> **Material provided**
***
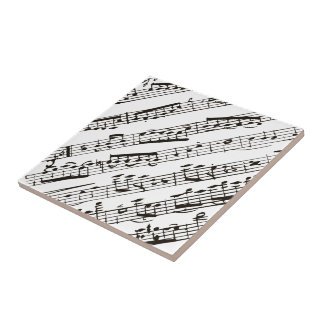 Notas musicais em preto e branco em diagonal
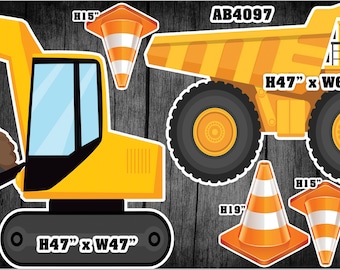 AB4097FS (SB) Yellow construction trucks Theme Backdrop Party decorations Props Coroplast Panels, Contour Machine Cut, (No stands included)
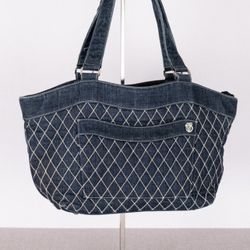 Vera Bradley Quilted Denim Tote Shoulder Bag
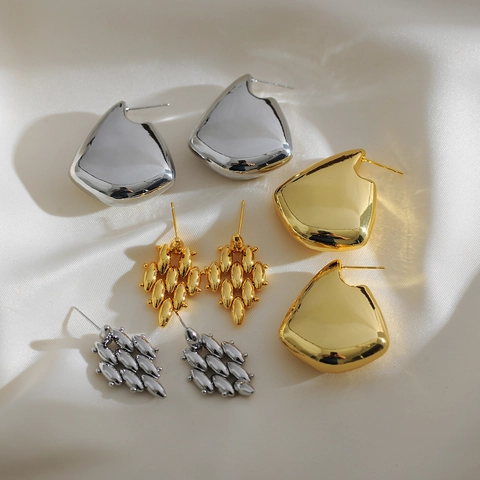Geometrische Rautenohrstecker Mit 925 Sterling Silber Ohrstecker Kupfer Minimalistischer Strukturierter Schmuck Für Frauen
***
> **Your task**
Once the line with "AB4097FS (SB) Yellow" is found, write out that line and every later line of the listing above exactly, through the last one, and skip any pictures.

> **Task answer**
 AB4097FS (SB) Yellow construction trucks Theme Backdrop Party decorations Props Coroplast Panels, Contour Machine Cut, (No stands included)
 Vera Bradley Quilted Denim Tote Shoulder Bag
Geometrische Rautenohrstecker Mit 925 Sterling Silber Ohrstecker Kupfer Minimalistischer Strukturierter Schmuck Für Frauen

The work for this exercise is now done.